Captioned web images
= = = =

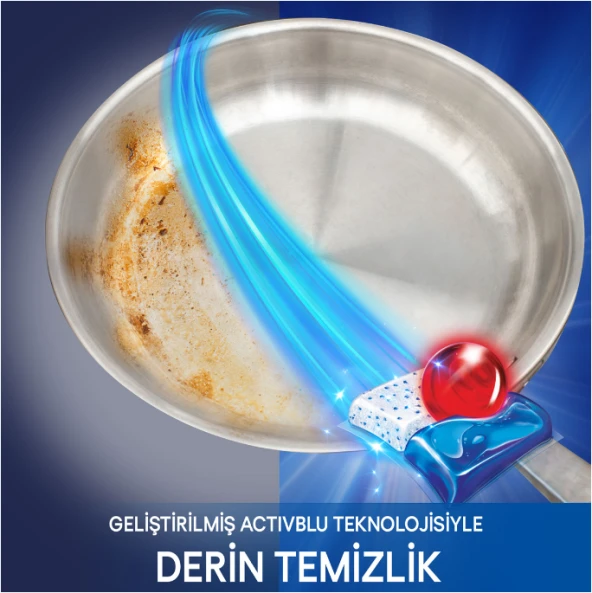 Finish Quantum Max Bulaşık Makinesi Deterjanı 2 x 85 Tablet - Resim 8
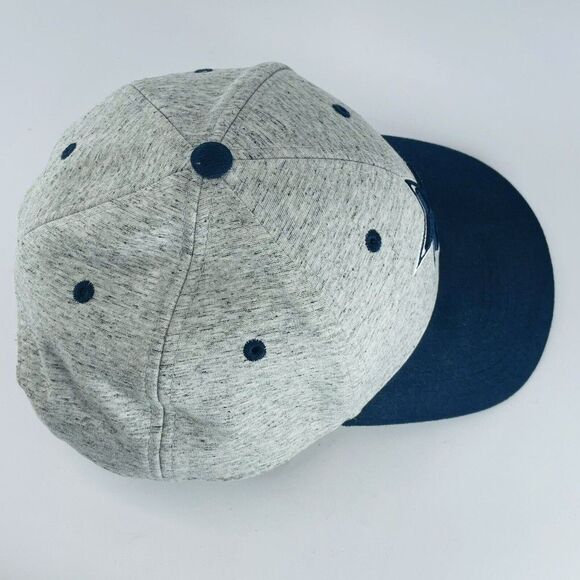 Dallas Cowboys Hat Cap Strap Back Adjustable New Era Gray 9Forty NFL Football - Picture 7 of 12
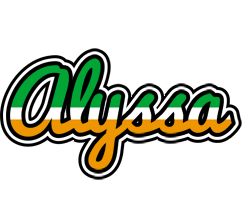 Alyssa ireland logo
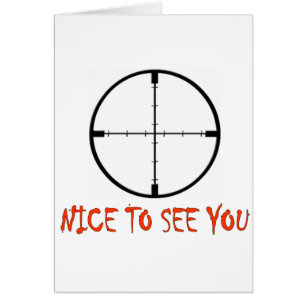 NICE TO SEE YOU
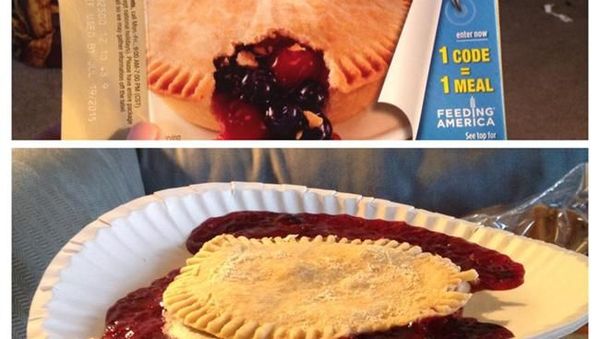 Bikin Ngakak Hingga Kesal! Foto Makanan yang Tak Sesuai Realita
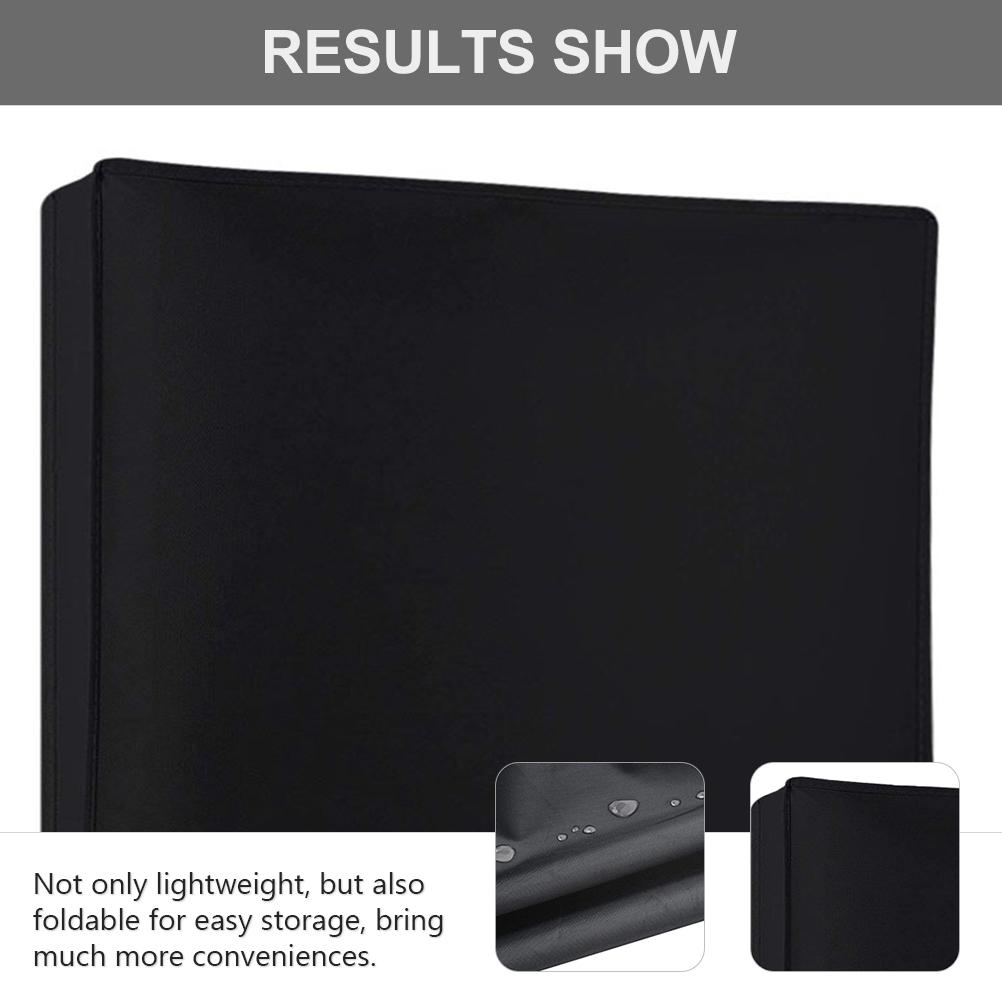 Protective Cover Monitor for Laptop Computer Monitors Oxford Cloth Desktops Screen Guard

= = = =

The records shown above are to be repeated exactly, with the pictures left out.

 Finish Quantum Max Bulaşık Makinesi Deterjanı 2 x 85 Tablet - Resim 8
 Dallas Cowboys Hat Cap Strap Back Adjustable New Era Gray 9Forty NFL Football - Picture 7 of 12
 Alyssa ireland logo
 NICE TO SEE YOU
 Bikin Ngakak Hingga Kesal! Foto Makanan yang Tak Sesuai Realita
 Protective Cover Monitor for Laptop Computer Monitors Oxford Cloth Desktops Screen Guard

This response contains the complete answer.